Patent No. 7,346,545 claims a method for distributing copyrighted products over the Internet where the consumer receives a copyrighted product for free in exchange for viewing an advertisement and the advertiser pays for the copyrighted content. The district court granted the accused infringer's motion to dismiss on the ground that the '545 patent does not claim patentable subject matter.
Patentable application not an abstract idea
On appeal, the CAFC reversed. After noting the broadly permissive nature of Section 101, and placing the '545 invention in the "process" category, the court looked to the abstractness of the invention claimed by the '545 patent. Eschewing the "machine or transformation test," the court focused instead on the programming complexity required to carry out the claimed elements. The claimed invention, the court determined, constituted a patentable application rather than an unpatentable abstract idea. While "the mere idea that advertising can be used as a form of currency is abstract, just as the vague, unapplied concept of hedging proved patent-ineligible in Bilski,…the '545 patent does not simply claim the age-old idea that advertising can serve as a currency. Instead, the '545 patent discloses a practical application of this idea." Slip Op. at 10. This statement is followed by identification of the specific steps for monetizing copyrighted products set out in the claims, many of which involve complex computer programming. "Viewing the subject matter as a whole, the invention involves an extensive computer interface." Slip Op. at 11.
Software is patentable
Layered on top of this finding is the court's rejection of the argument that software programming amounts to abstract subject matter. "The digital computer may be considered by some the greatest invention of the twentieth century, and both this court and the Patent Office have long acknowledged that "improvements thereof" through interchangeble software or hardware enhancements deserve patent protection.
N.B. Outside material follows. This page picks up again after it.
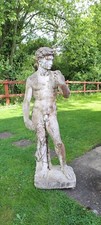 Large Vintage Garden Statue - Reconstituted Stone, Outdoor, Classical Figure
Far from abstract, advances in computer technology—both hardware and software—drive innovation in every area of scientific and technical endeavor." Slip Op. at 12.
This holding is in tension with the Federal Circuit's recent opinion in Cyber Source Corp. v. Retail Decisions, Inc., No. 2009-1358 (Fed. Cir. Aug. 16, 2011), in which a panel consisting of Judges Bryson, Dyk and Prost concluded that a method of verifying a credit card transaction over the Internet constituted an unpatentable process. While the panel in Ultramercial recognized this tension, it distinguished Cyber Source as an instance of "purely mental steps." Ultramercial Slip Op. at 13 (emphasis in original). The line, at least from the point of view of this panel, thus lies somewhere between logical steps that humans can perform without the aid of a computer versus those that require a computer to carry out.